In our preliminary study, we found that three injections of AT1 receptor vaccine were almost as effective as six injections for both lowering the BP and increasing the antibody titer. A single injection appeared to have a lesser effect. However, it should be noted that, although the AT1 receptor titer values declined over several months, they were still detectable at the end of the study at age 52 weeks. Therefore, it is possible that subsequent single ‘booster’ injections may be sufficient to maintain AT1 antibody titers for continuation of AT1 blockade, but this hypothesis remains to be tested. In the clinical study by Tissot et al.8 using a vaccine against Ang II, the antibody titers in hypertensive patients were similarly maintained for several months, suggesting the possibility that vaccination once every few months could be sufficient to maintain the antihypertensive effect. Further studies are required to determine the optimum timing and dose of vaccination for future clinical use.

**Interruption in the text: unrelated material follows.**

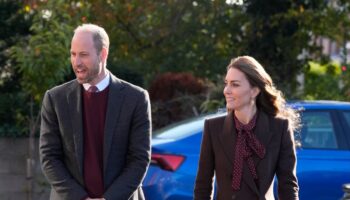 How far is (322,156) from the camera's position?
812cm

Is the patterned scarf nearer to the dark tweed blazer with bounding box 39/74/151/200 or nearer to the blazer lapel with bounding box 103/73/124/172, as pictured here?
the dark tweed blazer with bounding box 39/74/151/200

At present, the optimum target for vaccination against the RAS is unclear.26, 27 As mentioned in the Introduction, initial attempts to use a vaccine against renin were abandoned because of the side-effect of interstitial nephritis in animal models. In the present study, we did not observe any interstitial changes in the kidney, and the parameters of renal injury were clearly improved in the AT1 vaccine-treated rats. Moreover, we have observed that longevity also seems to be increased in AT1-vaccinated rats (unpublished observations). Although vaccines against Ang I and Ang II have been independently determined to be without major side effects in Phase II studies, the antihypertensive actions have not always been clear. One potential concern in using the AT1 receptor as a target for vaccination is the possibility of developing agonistic antibodies. It has been suggested that such antibodies may contribute to the worsening of hypertension in preeclampsia.28, 29 The results of our in vivo and in vitro studies suggested that agonistic antibodies were not produced in this model, however, the safety in humans is unclear, and should be investigated in further studies.

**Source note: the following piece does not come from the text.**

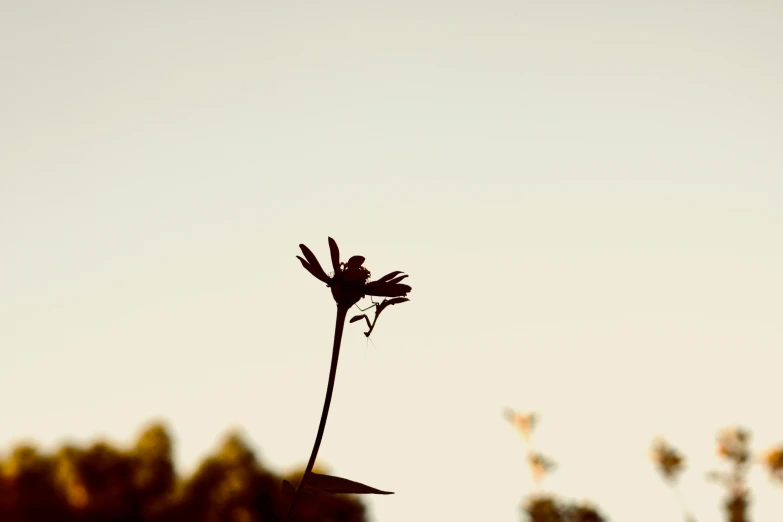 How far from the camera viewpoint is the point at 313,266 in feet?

In summary, the results of this study suggest that AT1 receptor vaccination has the potential to develop into an effective therapy for prevention of renal injury, particularly in patients with hypertensive nephrosclerosis. Because of the increasing number of patients with hypertension throughout the world, further studies are warranted to examine if these results may be applicable to prevention of hypertensive renal disease in humans.